I love tools, and I don't have a problem buying quality when I need it and use it everyday, but it seems to me with table saws it jumps from dirt cheap (Ryobi and HF) to $600-$5000. I am not really sure what I need and just looking for some advice. I use my current table saw about 4-5 times a year. 

I have looked at the HF and Ryobi saws. I have also looked at the Dewalt and Rigid jobsite saws which are 5x the price of Ryobi and HF. Any help that anyone can give?


----------



## chrisb75 (Nov 26, 2013)

This is the DeWalt saw I am looking at:
https://www.amazon.com/gp/product/B01F9II676/ref=as_li_tl?ie=UTF8&camp=1789&creative=390957&creativeASIN=B00F2CGXGG&linkCode=as2&tag=tablesawchoice-20&linkId=XCL5Z6U2HKUKP7JS&th=1


----------



## SeniorSitizen (Sep 10, 2012)

I would not buy a table saw without doing a hands on inspection. With so much JUNK on the market we may be better off with an old craftsman and using a 2x4 clamped to the table as a rip fence. 

I recommend going to a store to look and feel , kind of like shopping for a wife because you plan on having her for a long time.:wink2:


----------



## de-nagorg (Feb 23, 2014)

I would spend the money on getting my Craftsman tuned up properly, and buying a biesemeyer fence for it. 

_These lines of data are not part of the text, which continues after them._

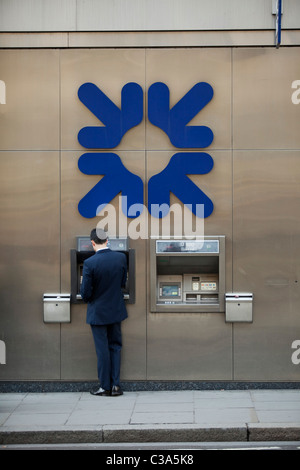 Ein Mann aus eine RBS-Geldautomaten Geld abheben. Stockfoto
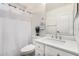 Bathroom featuring a shower with white curtain, a toilet, and a vanity with a white countertop at 42505 W Venture Rd, Maricopa, AZ 85138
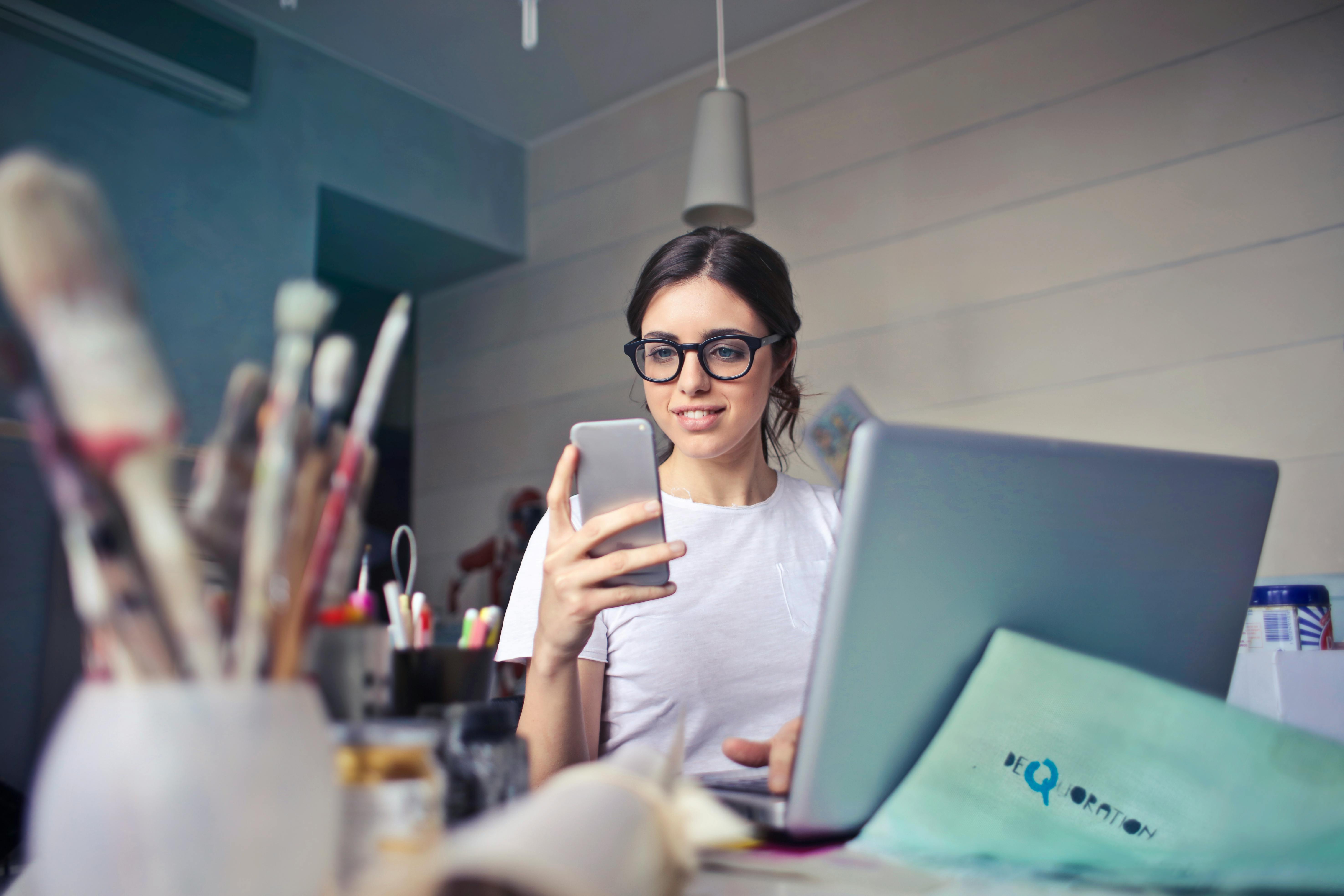 Woman on phone and laptop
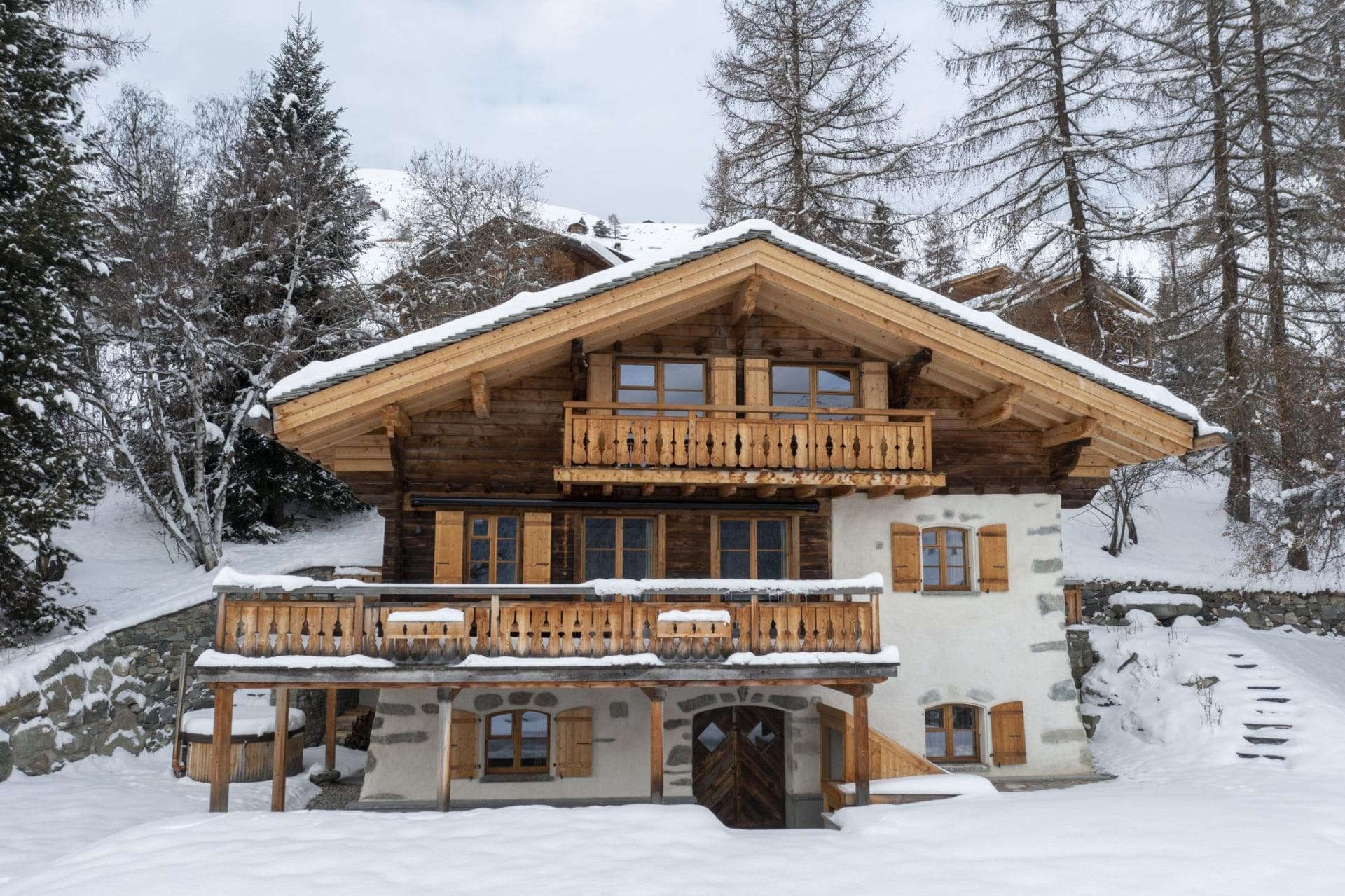 Three-story chalet with wooden balconies and covered outdoor hot tub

Things built in the last century are generally better than any new stuff.

ED


----------



## ddawg16 (Aug 15, 2011)

Don't be knocking the Ryobi......I have one. It does an excellent job.


----------



## mustangsally (Aug 26, 2016)

I had the bosch until GF sold it behind my back, and loved it but also in market for new one and have heard great reviews about the dewalt you are referencing to here.


----------



## chrisb75 (Nov 26, 2013)

Senior:

I have been to Home Depot and looked at that DeWalt for a cursory glance. I will definitely give it a better look soon

de-nagorg:
I would, if this were a huge cabinet saw. This is table top saw and I would need to order completely new guts. I understand the sentiment, but in this case I am not sure its worth it.

ddawg
No knocking at all. I have the 12" Ryobi Miter saw that I love so much. I am just not sure if the table saw is where I want to skimp, or if the small Ryobi compact saw will do everything I want to do (like rip 4x8 sheets).


----------



## 47_47 (Sep 11, 2007)

Many good used cabinet saws out there. Maybe more $$$ than you want to spend, but they are worth the money for serious woodworking.


----------



## Canarywood1 (May 5, 2012)

chrisb75 said:


> Senior:
> 
> I have been to Home Depot and looked at that DeWalt for a cursory glance. I will definitely give it a better look soon
> 
> ...



"Ryobi compact saw will do everything I want to do (like rip 4x8 sheets)."



4x8 sheets should be ripped with a circular saw,not a table saw.


----------



## chrisb75 (Nov 26, 2013)

Canarywood1 said:


> "Ryobi compact saw will do everything I want to do (like rip 4x8 sheets)."
> 
> 
> 
> 4x8 sheets should be ripped with a circular saw,not a table saw.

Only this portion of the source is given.